“O Espírito do Senhor está sobre mim, porque ele me ungiu para pregar boas novas aos pobres. Ele me enviou para proclamar liberdade aos presos e recuperação da vista aos cegos, para libertar os oprimidos e proclamar o ano da graça do Senhor.” (Lc 4.18-19, NVI).
Após ler essas palavras do rolo do profeta Isaías, Jesus afirmou que naquele mesmo dia elas estavam se cumprindo. As implicações para os que o ouviam eram imensas. Isso significava o cumprimento de uma promessa há muito aguardada: a libertação divina de uma série de dificuldades e sofrimentos. Eram certamente as “boas novas” esperadas por aqueles que estavam sujeitos à pobreza, à injustiça, à enfermidade, ao domínio e à futilidade do sistema social imposto pelo contexto colonialista do Império Romano.
Uma comunidade do jubileu
O bordão que muitas vezes se perde na tradução de Lucas 4.18-19 é: “o ano da graça do Senhor”. Jesus anunciou que a longa espera por aquele momento chegava ao fim. Mas o que isso significa? A que “ano da graça” ele se refere? Naquela época, os ouvintes de Jesus sabiam muito bem que se tratava de uma forma abreviada de referir-se ao “ano do jubileu”. Registrado em Levítico 25, o ano do jubileu marcava o grande recomeço que permitia desfazer os infortúnios, as disfunções e a injustiça que haviam se enraizado entre o povo do Israel histórico.[1]

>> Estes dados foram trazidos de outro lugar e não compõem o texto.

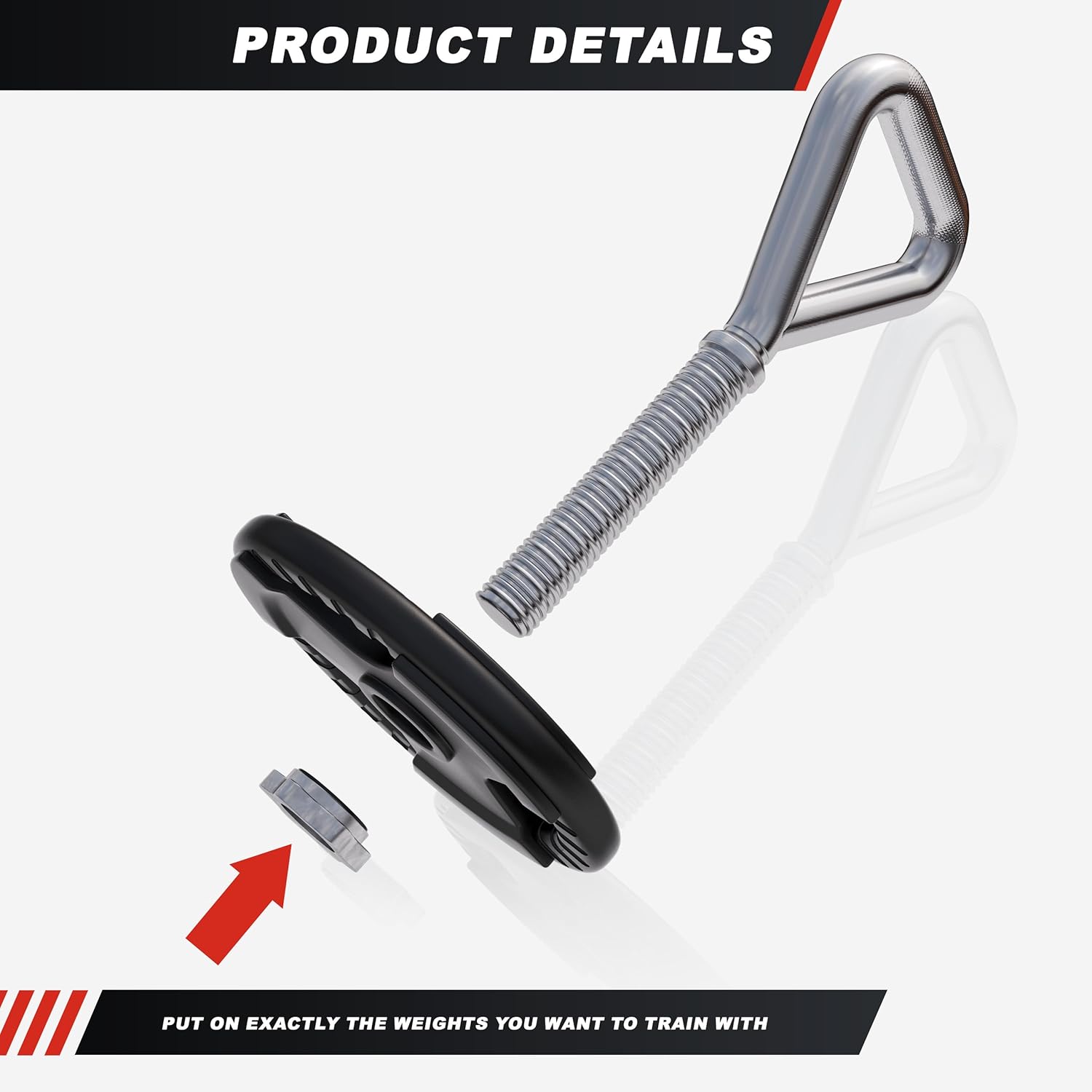 GORILLA SPORTS® Kettlebell verstelbaar – handvat voor 30 mm halterschijven, incl. stersluiting, max. 50 kg, chroom – kogelhalter, swinghalter, halters, gewichten, full-body training, krachttraining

No entanto, para as pessoas que viviam no tempo de Jesus, a pergunta que tinham em mente provavelmente era: “O que mudou exatamente?” Uma pergunta que até João Batista ponderou quando foi aprisionado por ordem do rei Herodes. A resposta de Jesus foi a seguinte: “Voltem e anunciem a João o que vocês estão ouvindo e vendo: os cegos veem, os mancos andam, os leprosos são purificados, os surdos ouvem, os mortos são ressuscitados, e as boas novas são pregadas aos pobres; e feliz é aquele que não se escandaliza por minha causa” (Mt 11.5-6, NVI). Mais uma vez, Jesus estava enfatizando que a profecia de Isaías finalmente se cumpria na sua pessoa e na sua vinda. Algo poderoso e notável estava acontecendo no mundo. Os desprezados pela sociedade eram valorizados, os excluídos eram acolhidos e os fracos e abandonados recebiam a merecida atenção. Crescia a esperança e certamente alcançava a todos, até mesmo os que eram marginalizados.

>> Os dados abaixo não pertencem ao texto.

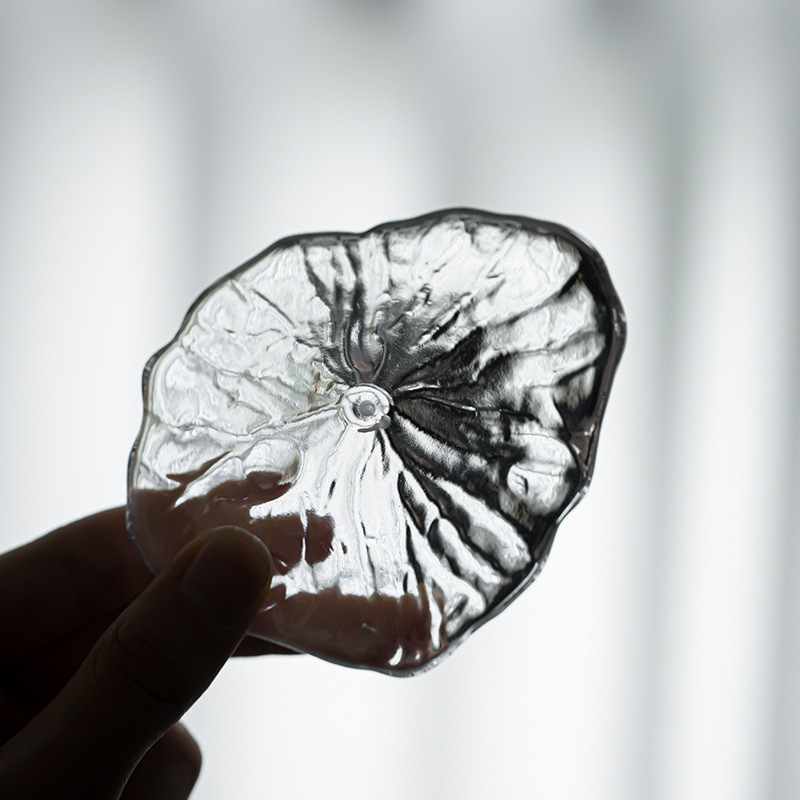 Đế cắm hương thủy tinh pha lê mới, cắm hương núi Phú Sĩ, lư hương trong suốt, trang trí thiền gia dụng, nắp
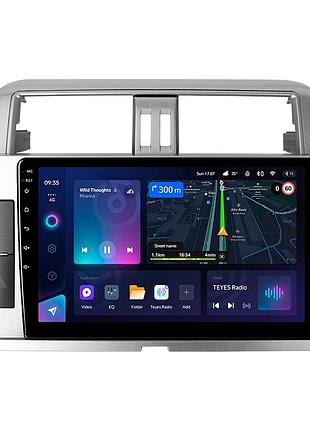 Штатна магнітола серії teyes cc3l під toyota land cruiser prado 150 2013-2017 (w3) 10 дюймів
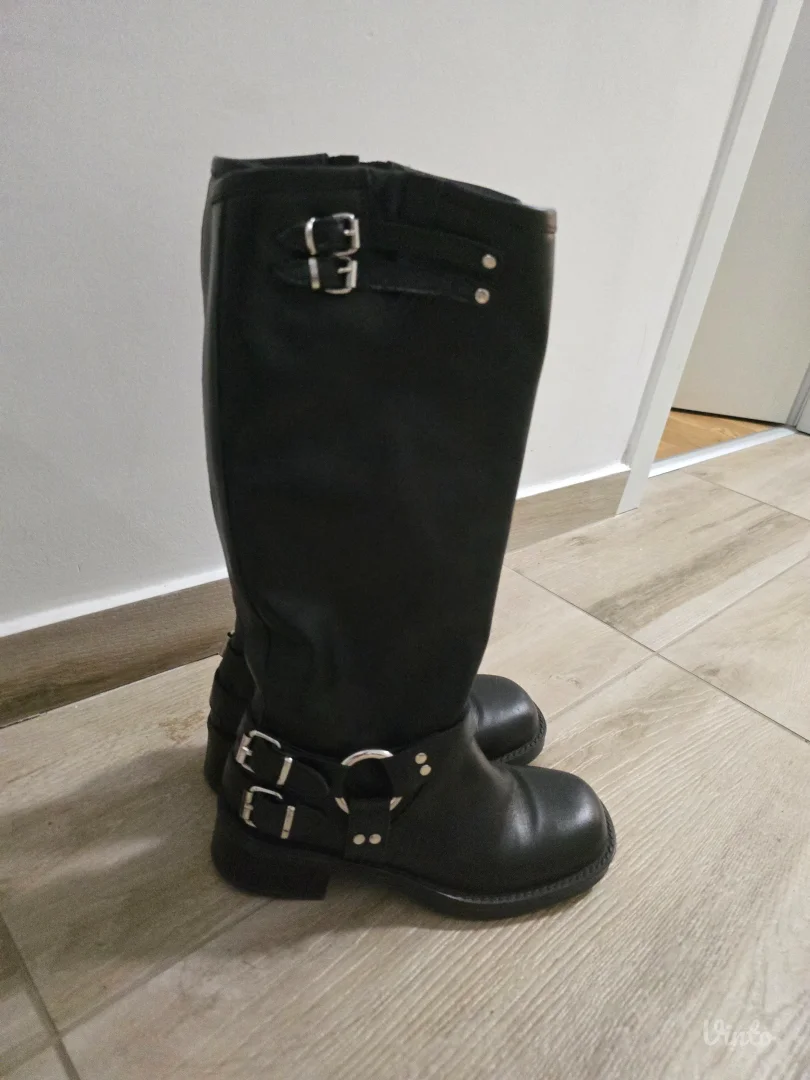 Kožne kaubojske čizme 38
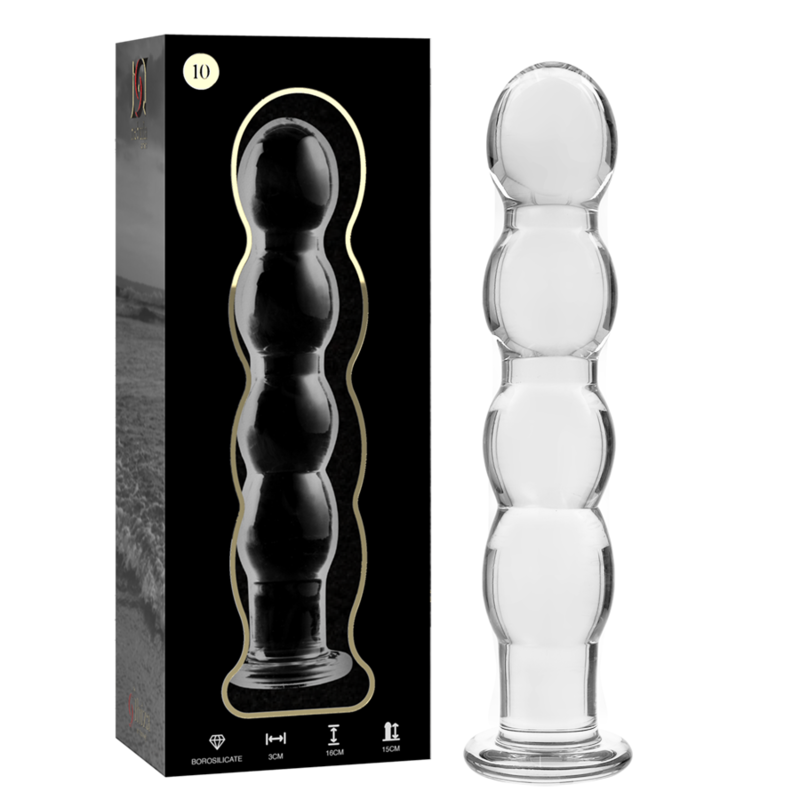 NEBULA SERIES - Modell 11 Dildo aus Borosilikatglas, 16 cm Ø 3 cm
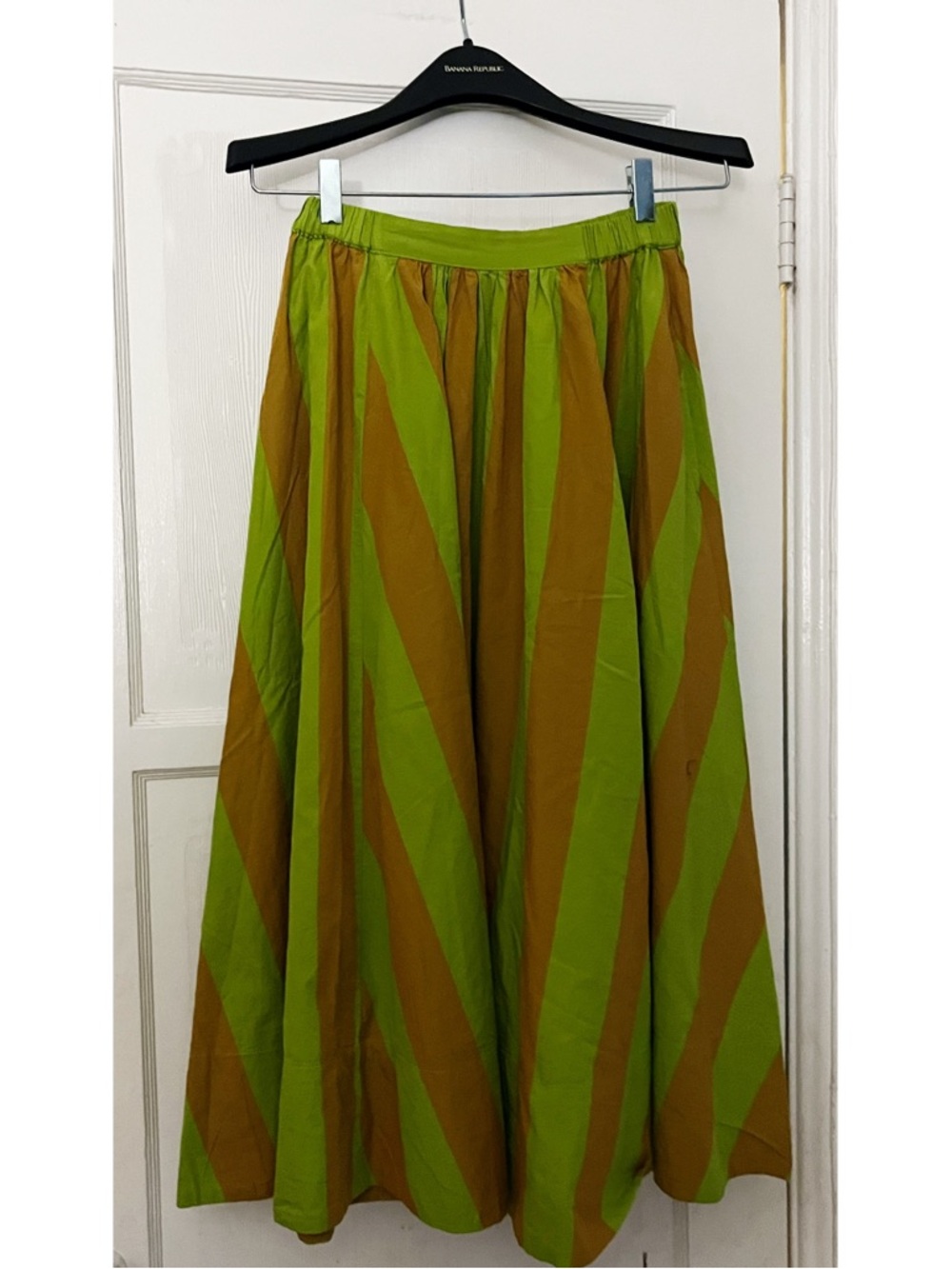 Free People - Lowen Striped Midi Skirt - Picture 3 of 5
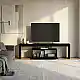 Έπιπλο τηλεόρασης Woodra Megapap χρώμα sencron black 180x31,3x50,2εκ. | GP042-0396,2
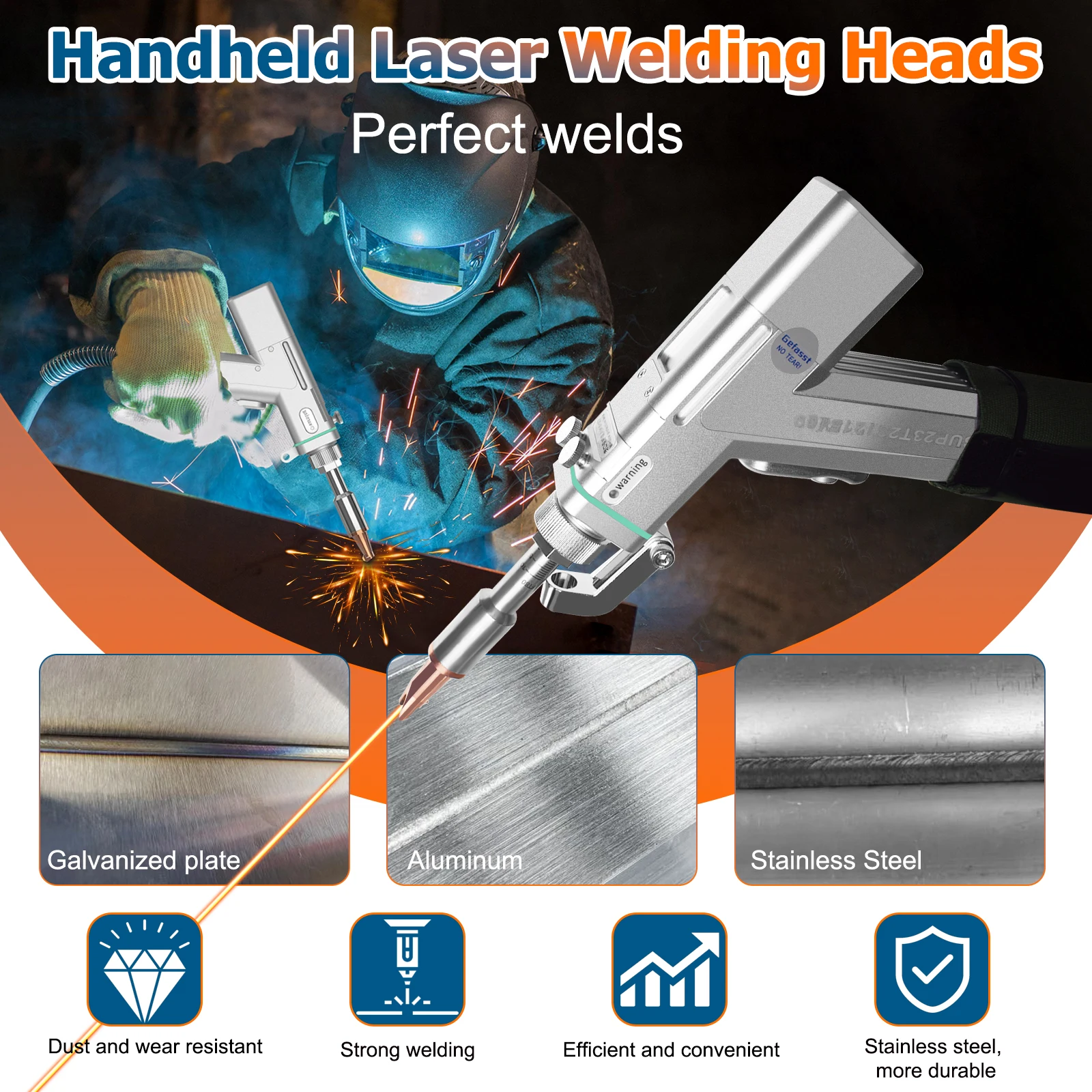 BWT 1500W Laser Welding Machine Fiber Laser Welder Machine 4 in 1 SUP 23T Welding Gun for stainless steel aluminum iron welding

É importante ter isso em mente quando acompanhamos o relato de Lucas sobre os fatos ocorridos após a ressurreição de Jesus. No livro de Atos, a comunidade formada em torno do Messias chamado Jesus apresenta as mesmas características identificadas pelo profeta Isaías. O que surpreendeu os apóstolos e os seguidores desse Jesus foi a forma como ele os comissionou para serem “testemunhas” da obra que ele havia iniciado e também o poder que lhes era concedido e os acompanharia nessa missão (At 1.8). Após o registro do Pentecoste, lemos sobre o “testemunho coletivo” de uma comunidade de fé marcada por vidas que colocavam em primeiro lugar o reino de Deus. Rapidamente, o desenrolar do jubileu traduzia-se na “união” (koinonia) na doutrina, na oração, na liturgia e no cuidado com o bem-estar “uns dos outros” (allelous) tão radical que “não havia pessoas necessitadas entre eles” (At 2.42-47, cf. At 4.32-37).[2] Naquela época, qualquer pessoa familiarizada com a Torá certamente se lembraria da visão e da exortação de Yahweh em Deuteronômio 15.1-11 para garantir que, entre o povo de Deus, os necessitados fossem atendidos. Um grupo de pessoas chegou a ser designado como responsável por esse serviço compassivo para que os apóstolos pudessem se concentrar em seu diligente ministério de ensino (At 6.1-6).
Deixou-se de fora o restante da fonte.